- Flag Coat of arms
- Coordinates (Okonek): 53°32′N 16°51′E﻿ / ﻿53.533°N 16.850°E
- Country: Poland
- Voivodeship: Greater Poland
- County: Złotów
- Seat: Okonek

Area
- • Total: 325.88 km^{2} (125.82 sq mi)

Population (2006)
- • Total: 8,909
- • Density: 27/km^{2} (71/sq mi)
- • Urban: 3,827
- • Rural: 5,082
- Website: http://www.okonek.pl/

= Gmina Okonek =

Gmina Okonek is an urban-rural gmina (administrative district) in Złotów County, Greater Poland Voivodeship, in west-central Poland. Its seat is the town of Okonek, which lies approximately 23 km north-west of Złotów and 126 km north of the regional capital Poznań.

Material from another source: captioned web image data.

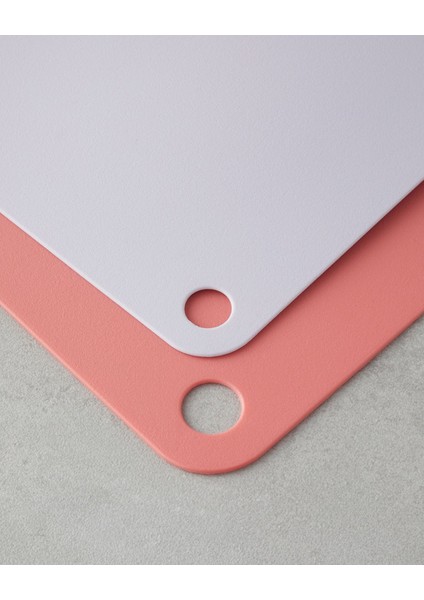 Lila ve pembe renkli, 2'li plastik kesme tahtası, 27-34 cm, şık ve kullanışlı fırsatları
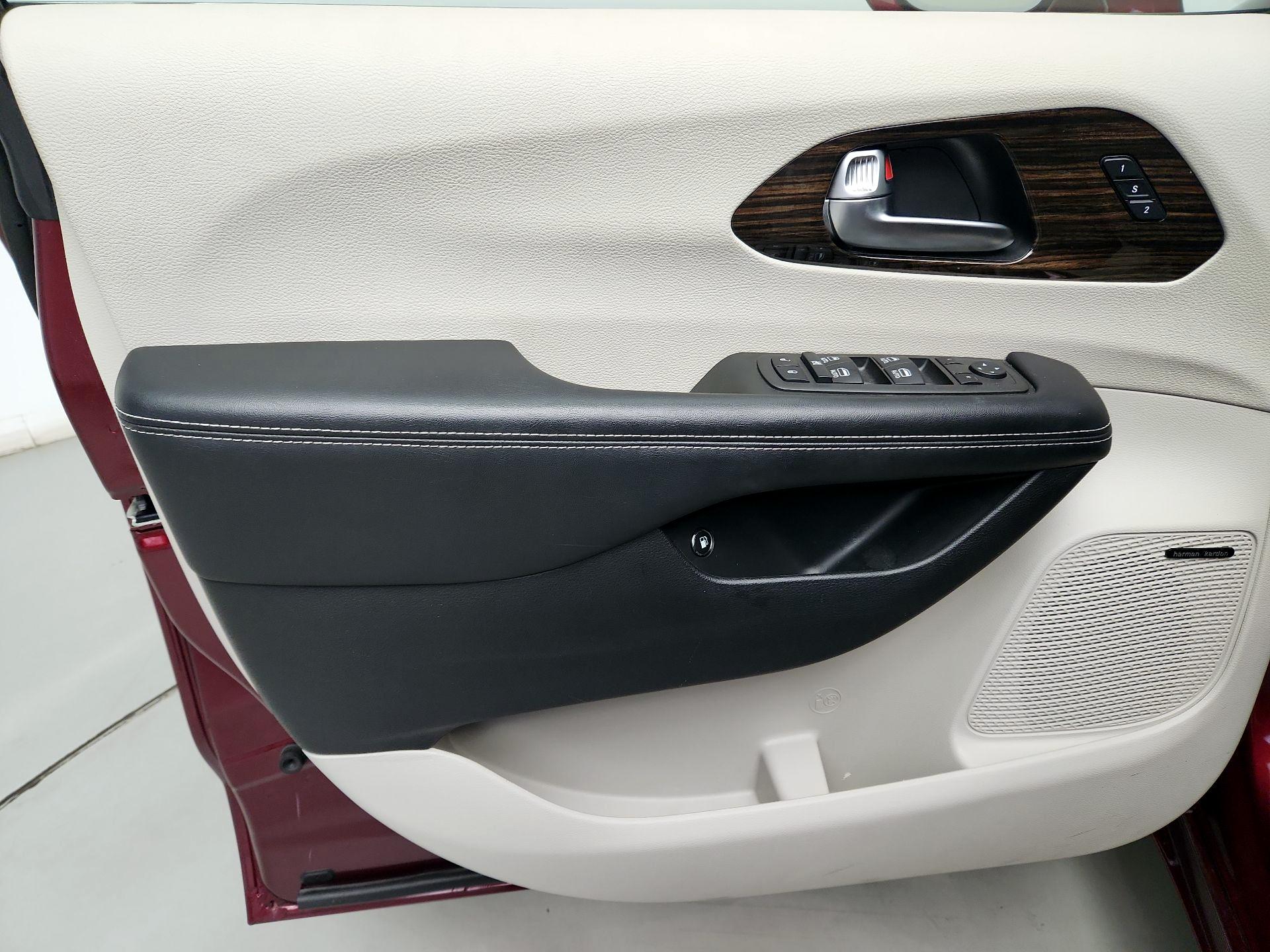 Thumbnail: 2022 Chrysler Pacifica - 12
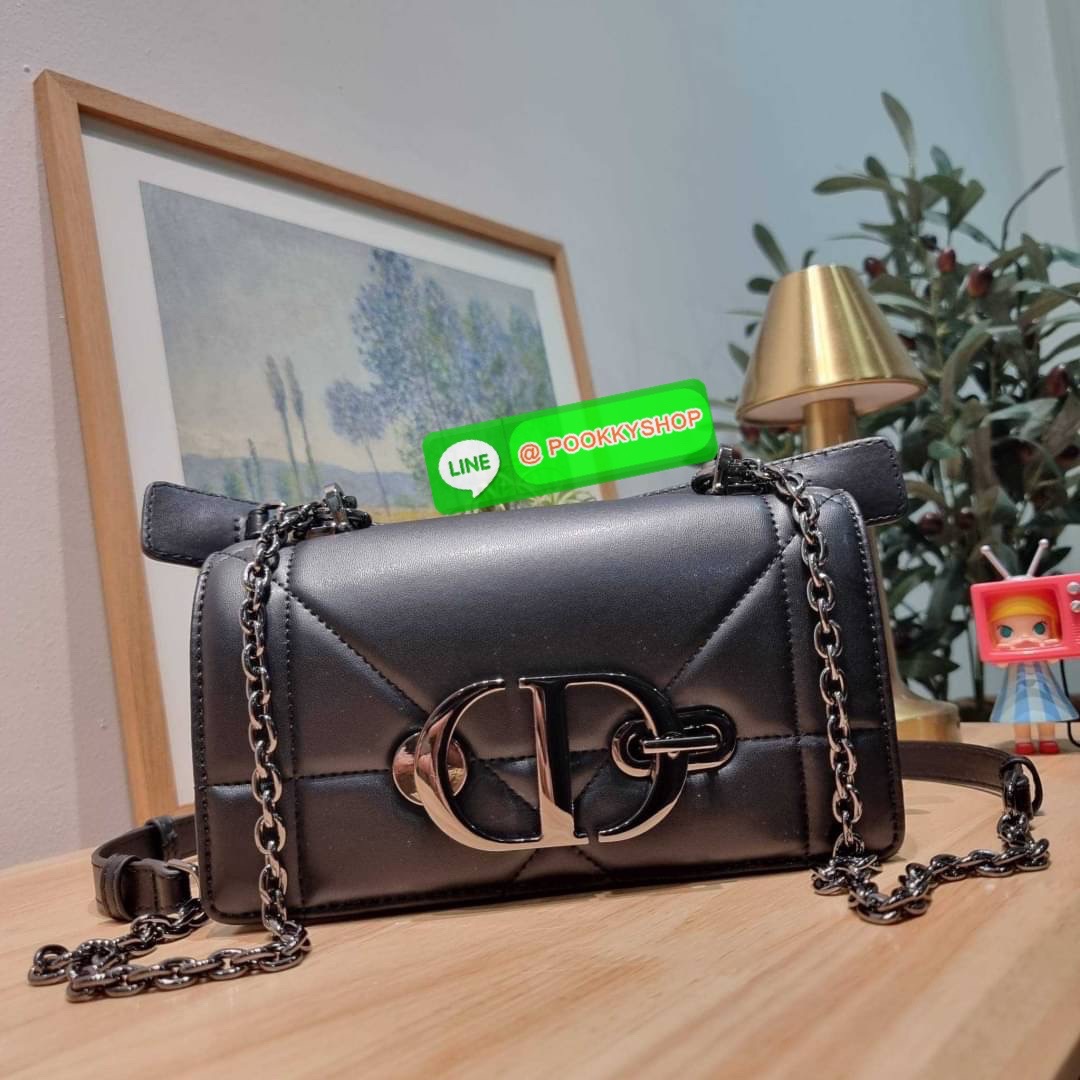 🔅 Model CD 30 MONTAIGNE POUCH WITH SHOULDER STRAP AND HANDLE 🔅 Details ย้อนยุคความหรูหรา อันเป็นเอกลักษณ์ กระเป๋าสะพายสวยอยู่ทรง เพิ่มลูกเล่นให้กับไอเท็มนี้ด้วย มือจับที่ถอดออกได้ และอะไหล่เปิด-ปิดแบบคล้องล็อค สะดวกใช้ ด้านหลังมีช่องใส่บัต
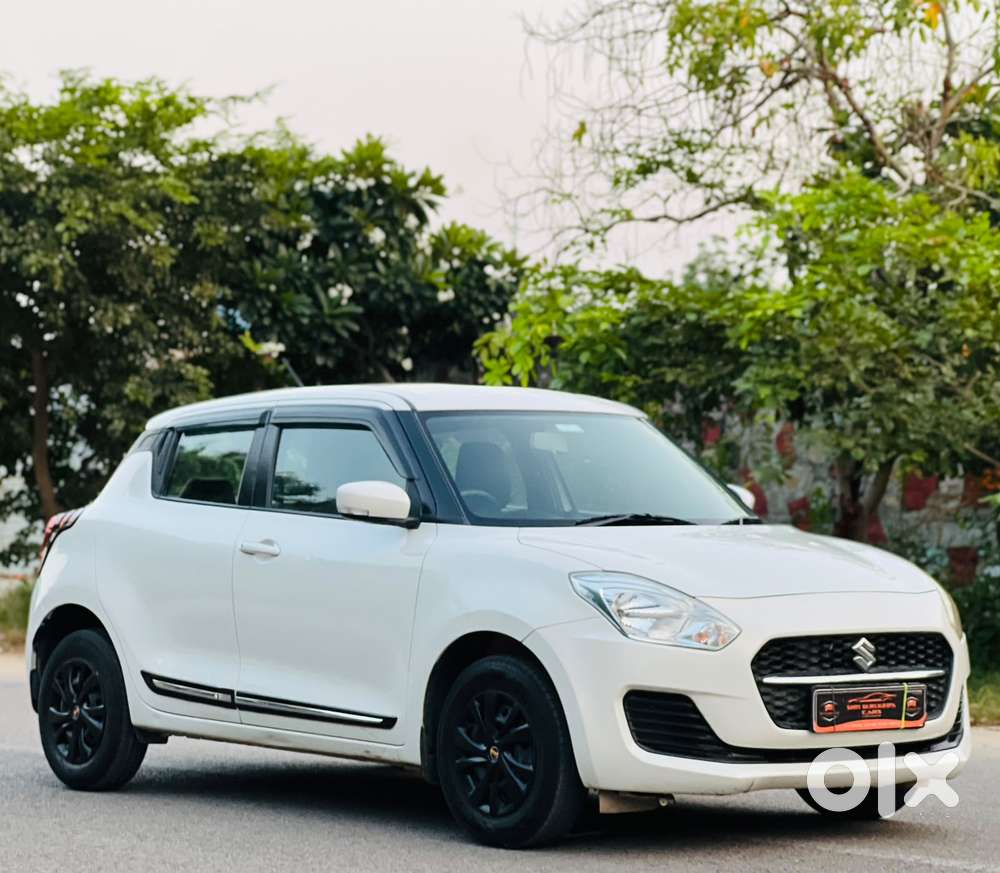 Maruti Suzuki Swift Vxi + Manual, 2022, Petrol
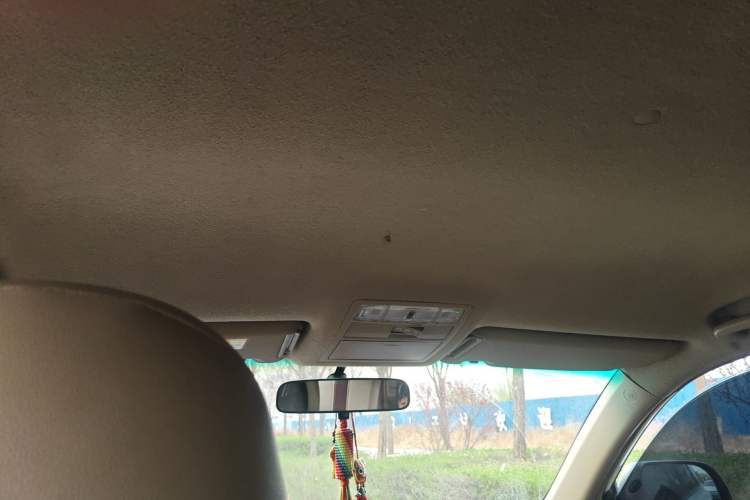 Used Toyota Highlander 2011 2.7L Two-Wheel Drive 5-Seater Sport Edition Headliner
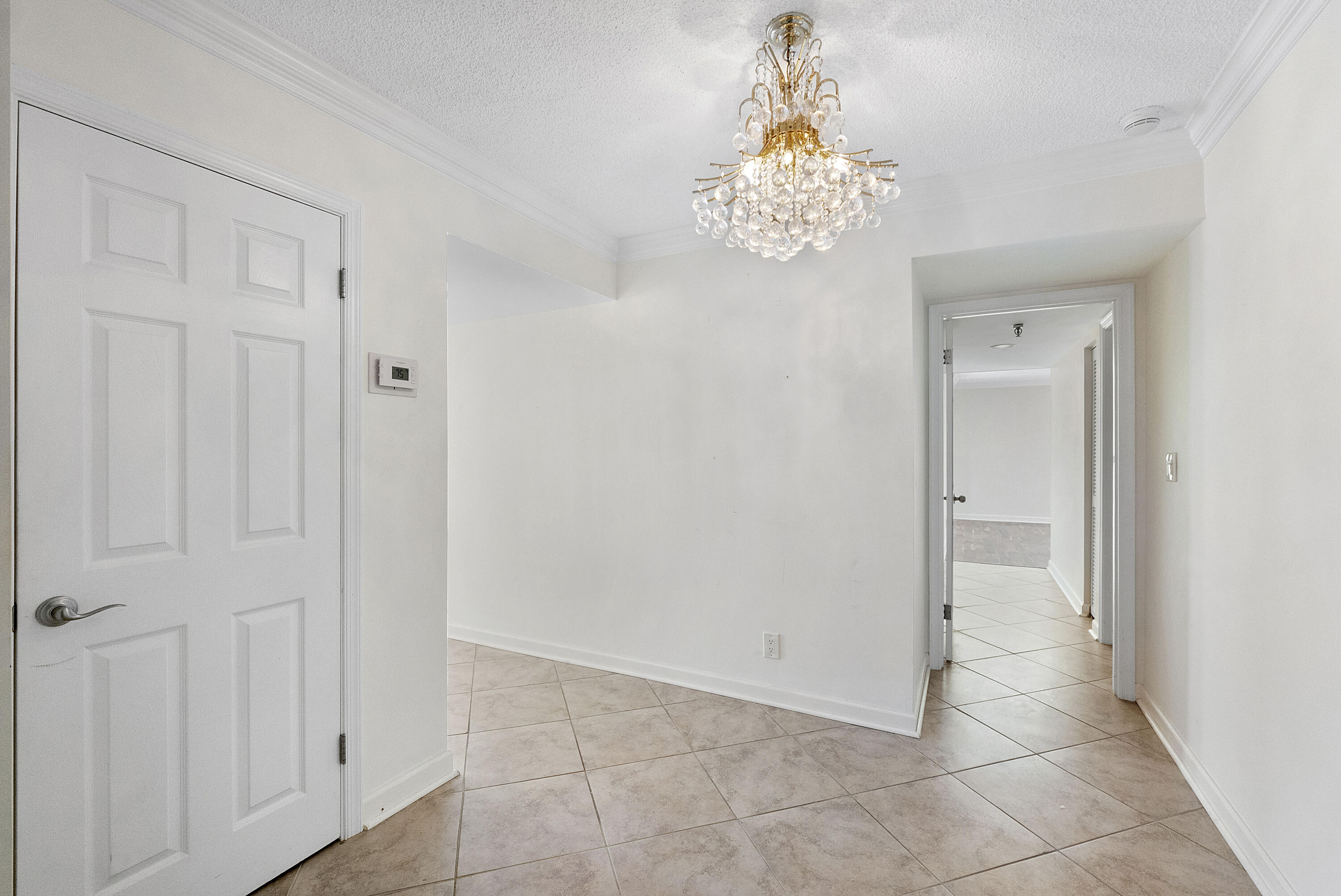 123 Lakeshore Dr u1143_047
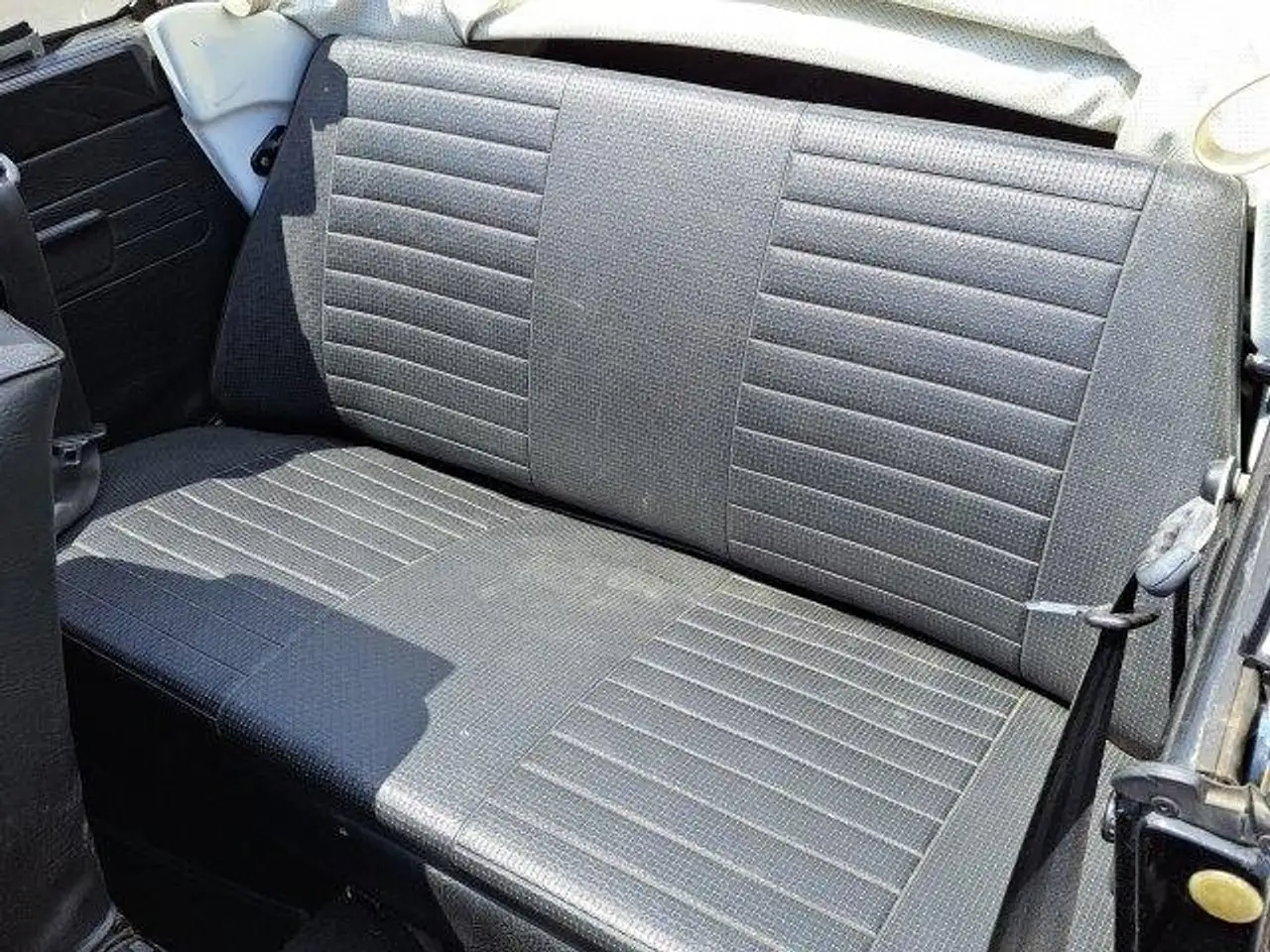 Volkswagen Maggiolino MAGGIOLONE 1.303 CABRIO KARMANN 15D111 - 1979, foto 12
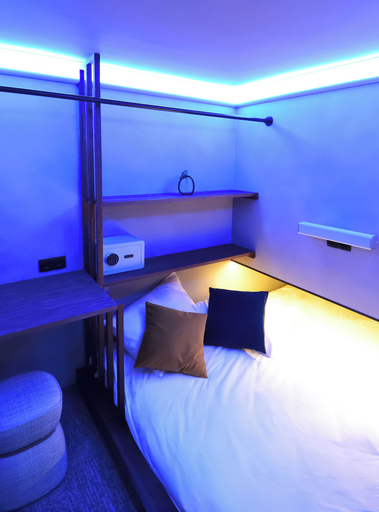 Bedroom 2, The Hyve Capsule hostel Amsterdam, Amsterdam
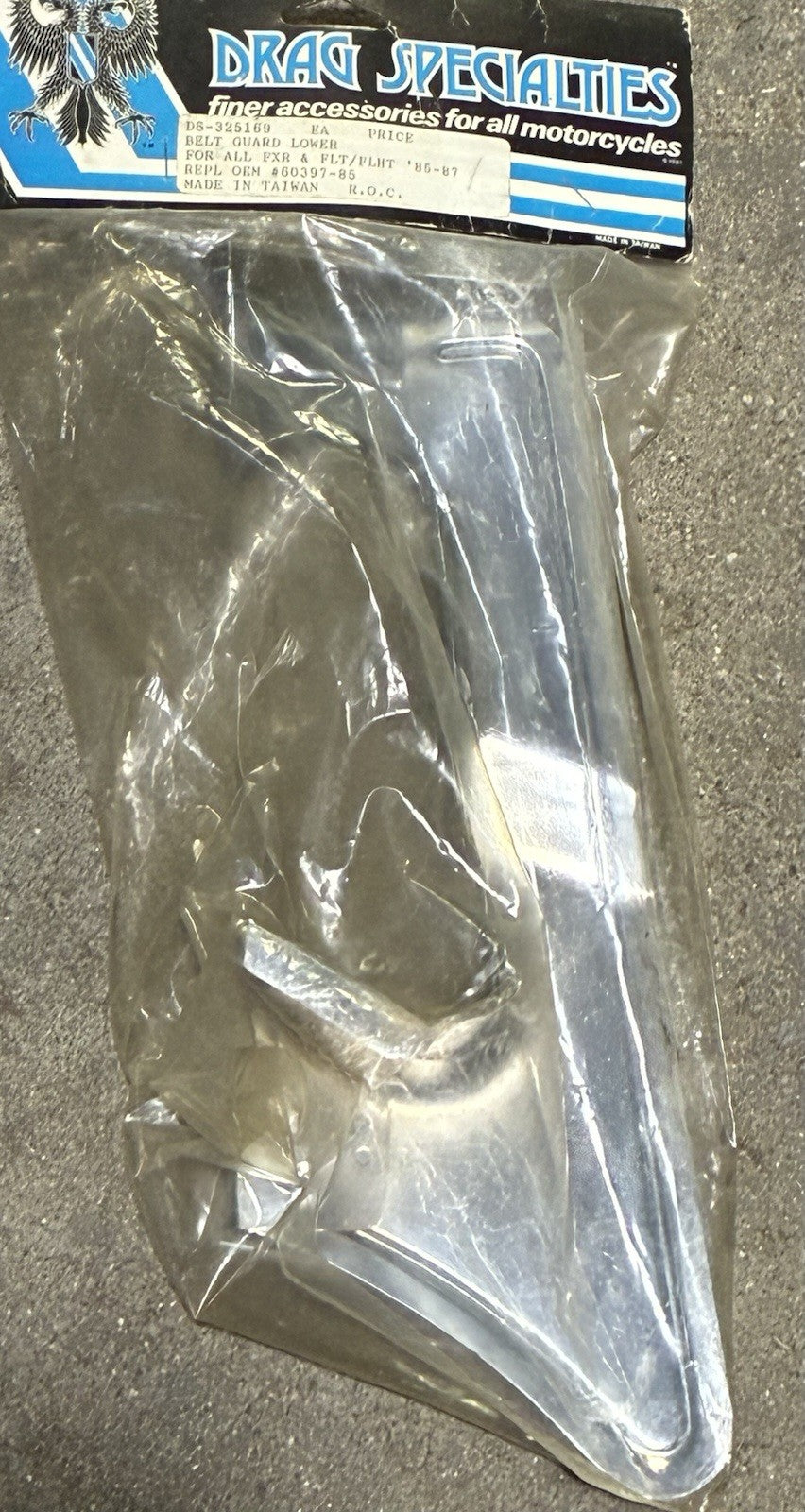 
  
  DS-325169 1985–1987 FXR FLT FLHT LOWER BELT GUARD REPLACES HARLEY 60397-85A NOS
  
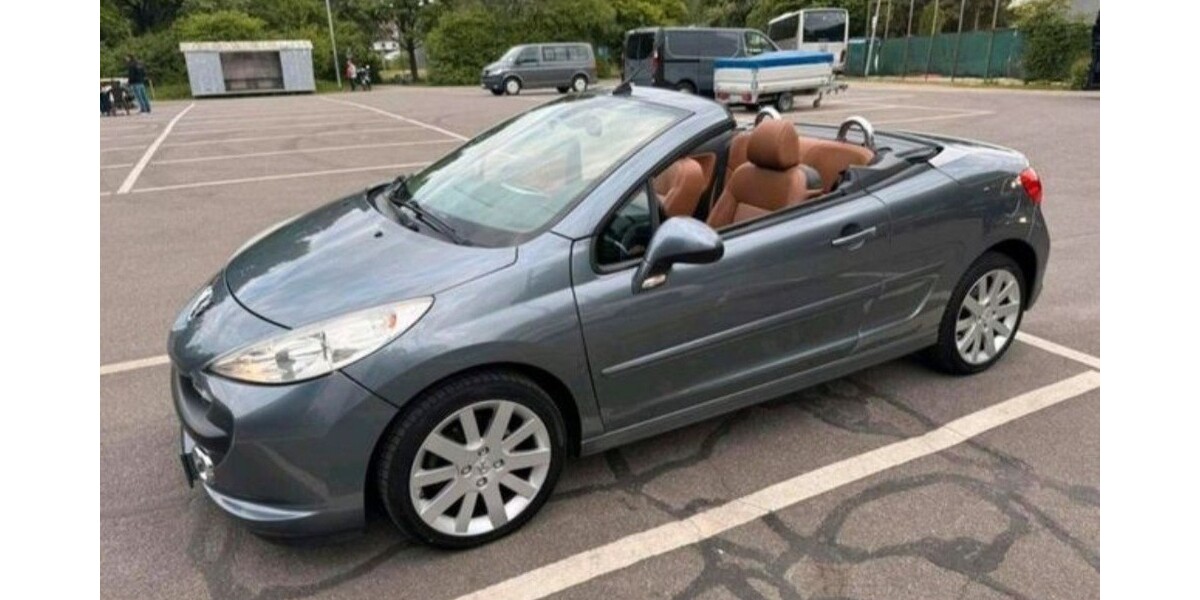 Peugeot 207 CC 107.800 km 4.500 &euro; Filderstadt 70794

The gmina covers an area of 325.88 km2, and as of 2006 its total population is 8,909 (out of which the population of Okonek amounts to 3,827, and the population of the rural part of the gmina is 5,082).

==Villages==
Apart from the town of Okonek, Gmina Okonek contains the villages and settlements of Anielin, Babi Dwór, Borki, Borucino, Brokęcino, Brzozówka, Chwalimie, Ciosaniec, Ciosaniec-Bolkowo, Czersk, Drzewice, Glinki Mokre, Glinki Suche, Kruszka, Lędyczek, Łomczewo, Lotyń, Lubnica, Lubnicki Młyn, Lubniczka, Pniewo, Podgaje, Przybysław, Rydzynka, Skoki, Węgorzewo and Wojnówko.

==Neighbouring gminas==
Gmina Okonek is bordered by the gminas of Borne Sulinowo, Czarne, Debrzno, Jastrowie, Lipka, Szczecinek and Złotów.